The concept of the Age Pension as a national superannuation scheme dates from the immediate post-World War II period. In 1945, the Chifley government created a National Welfare Fund, paid for by a special tax, which was to provide working families with a pension on retirement. This fund was subsequently taken over by the Menzies government with the commitment that an Age Pension would be established to serve the same purpose, to be paid out of consolidated revenue.
The current means testing, including both assets and income tests, was introduced by the Hawke Labor government in the 1983-84 budget as a cost savings measure justified by claims that this “targeted assistance to those of greatest need.”

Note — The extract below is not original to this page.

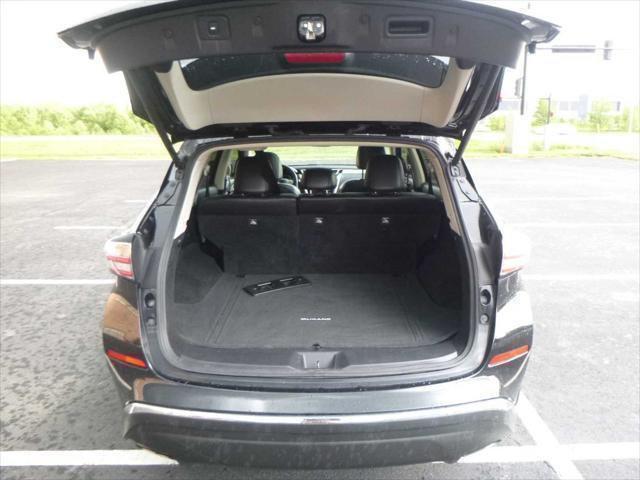 used 2015 Nissan Murano car, priced at $13,895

The practical consequence of a means test however is to discriminate unfairly against the hardworking and thrifty who have saved to help provide for their retirement and to reward the lazy and feckless who have failed to do so.
The Age Pension means test is in fact pure socialist wealth redistribution, more appropriate to Soviet Russia than a Western liberal democracy.

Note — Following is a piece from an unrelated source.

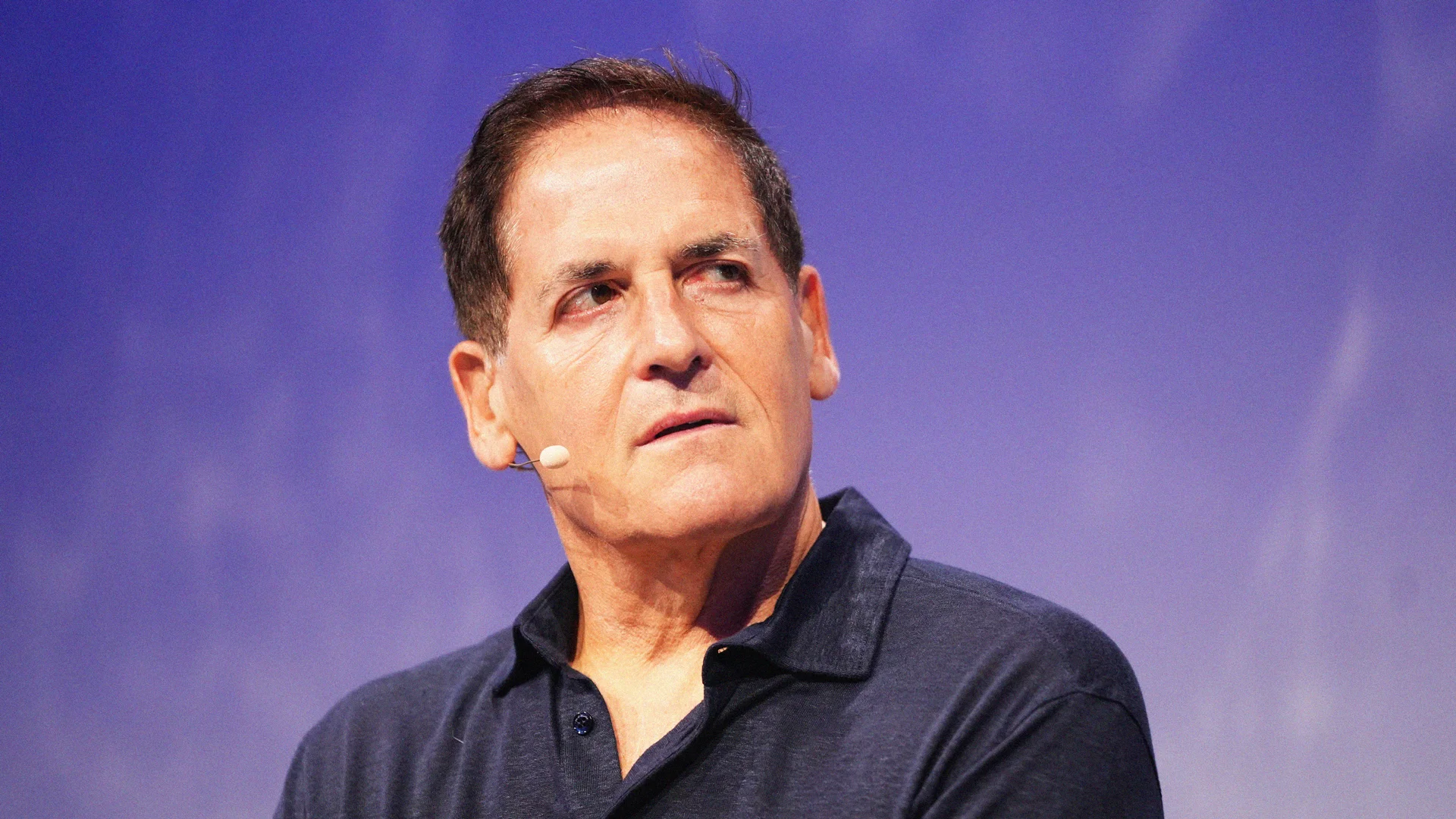 Mark Cuban Doesn’t Want Billionaires Taxed Out of Existence—But There Is 1 Policy He Says Would Help Solve Inequality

This Bill seeks to give effect to the original intent of Sir Robert Menzies and Ben Chifley that the Age Pension would provide a secure and dignified form of income support to all Australians in retirement and not simply a conditional trickle of welfare to be doled out to those who applied cap in hand.

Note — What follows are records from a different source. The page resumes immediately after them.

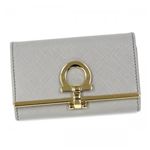 Ferragamo（フェラガモ） キーケース 224627 593924 PLUME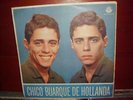 CHICO BUARQUE LP ORIG RGE 1ST MONO PRESS 1966 SAMBA MPB NARA LEAO EDU LOBO GAL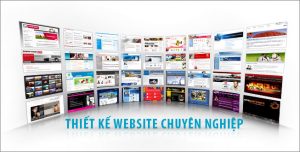 Thiết Kế Website Bến Cát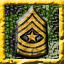 Distinguished Service Level 3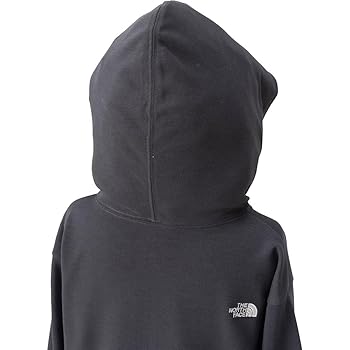 Amazon.co.jp: THE NORTH FACE(ザノースフェイス) 長袖 フード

On passage, this Bill will give older Australians the confidence and security of a guaranteed minimum income in old age. It will also provide an incentive for them to strive to additionally provide for their retirement and for their children’s inheritance, safe in the knowledge that their hard work and shrewd investments will not be punished by discriminatory assessments of their entitlements.
FINANCIAL IMPACT STATEMENT
Estimates of the costs of abolishing the Age Pension means tests range between $15 and $25 billion per year but could be partly offset by administrative savings. The absence of a means test would allow automatic fortnightly allocation of funds to Australian citizens of pension age by the Australian Taxation Office without the need for further administration.
SUMMARY
In summary, the Bill proposes to amend the Social Security Act 1991 to abolish both income and assets tests for the Age Pension. In so doing, this Bill proposes to transform the Age Pension into the national superannuation scheme that its founders intended it to be.
NOTES ON CLAUSES
Clause 1 – Short title
1. Clause 1 would provide for the short title of the Act to be the Social Security Amendment (A Fair Go for Age Pensioners) Act 2019.
Clause 2 – Commencement
2. Clause 2 would provide for the commencement of each provision in the Bill, as set out in the table.
Clause 3 – Schedules
3. Schedule 1 sets out specific proposed amendments to the Social Security Act 1991.
4. The amendments in items 1 to 5 of Schedule 1 provide that the rate of Age Pension is to be calculated using Pension Rate Calculator B at the end of section 1065 of the Social Security Act 1991. Pension Rate Calculator B does not include income or assets tests and thus the effect of the amendments would be to remove means testing for the Age Pension.
ADDITIONAL MEASURES
While this Bill provides for the principal amendments required to abolish income and assets tests for the Age Pension, further consequential amendments to the Social Security (Administration) Act 1999 and Veterans Entitlement Act 1986 may also be required.
STATEMENT OF COMPATIBILITY WITH HUMAN RIGHTS
Prepared in accordance with Part 3 of the Human Rights (Parliamentary Scrutiny) Act 2011
Social Security Legislation Amendment (A Fair Go for Age Pensioners) Bill 2019
This Bill enhances human rights as it provides for increased dignity and financial security for older Australians.
Conclusion:
This Bill is compatible with human rights.